On Friday, Standard and Poor’s and Fitch left their credit ratings for Britain unchanged. However, it remained gloomy regarding the outlook due to the possibility of the country reaching a bad deal in its Brexit talks with the European Union.
Having already removed Britain of its top-notch “AAA” rating, both agencies stuck with their “AA” rating for Britain. Although both warned that they were likely to downgrade again.
“The negative outlook reflects the continued institutional and economic uncertainty surrounding the Brexit negotiations and the UK’s future relationship with its largest market for goods and services, the EU,” said S&P in a statement.

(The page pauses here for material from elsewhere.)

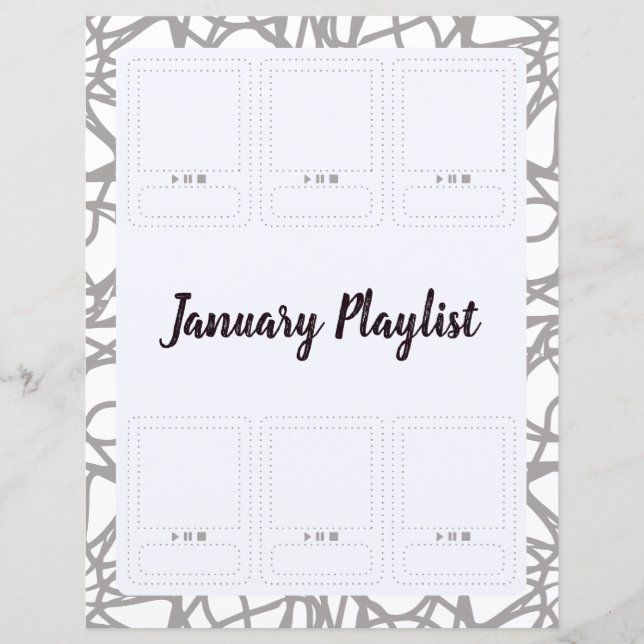 Seiten für Tagebuch, Fanbook, Bullet Journal (Vorderseite)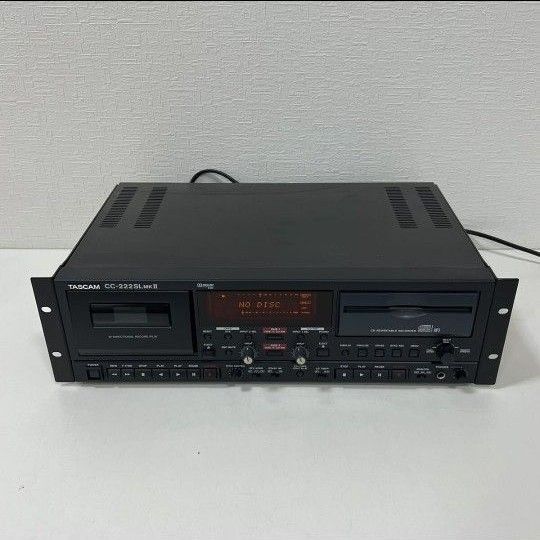 【ジャンク】TASCAM CD/TAPEレコーダー CC-222SL MKII CDレコーダー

A further downgrade could happen if S&P observes the possibility of a disorderly Brexit as increasingly certain or if overseas investors begin to withdraw the capital that finances the large current account deficit of Britain.

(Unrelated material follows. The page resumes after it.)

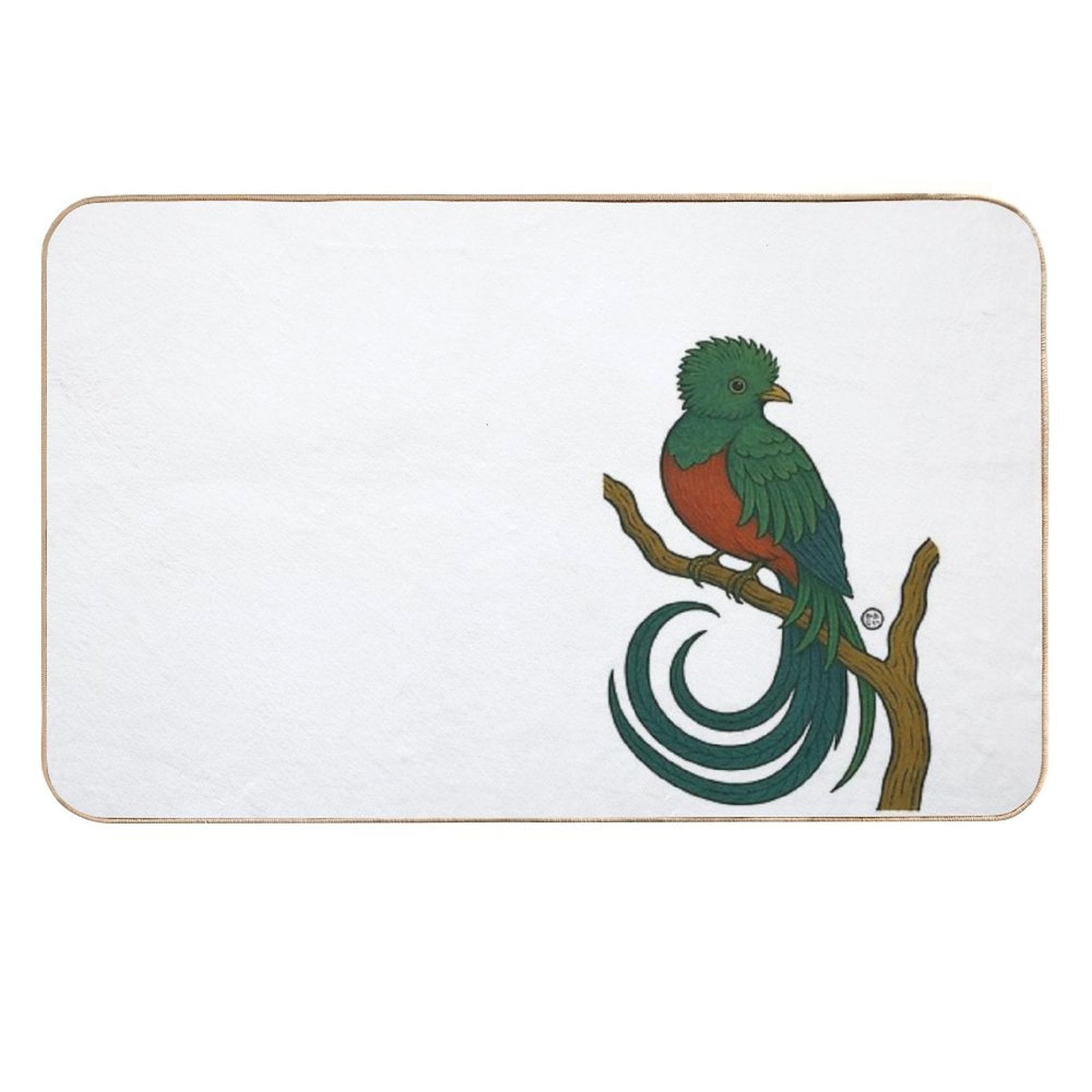Quetzal - Vintage Japanese Style Quetzal  Versatile Bath Mat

Fitch said that the lack of a clear British position and the European Union’s negotiating stance would make it difficult for Britain to come up with a favourable deal.
Both ratings agencies also referred to the weakened state of the government of Prime Minister Theresa May after she gambled her majority in parliament away in an election earlier in 2017 that she did not need to call.
“The election result is likely to weaken policy cohesion and creates uncertainty over the longevity of the UK government,” said Fitch.
“We believe that no single post-Brexit relationship with the EU commands either majority parliamentary or popular support.”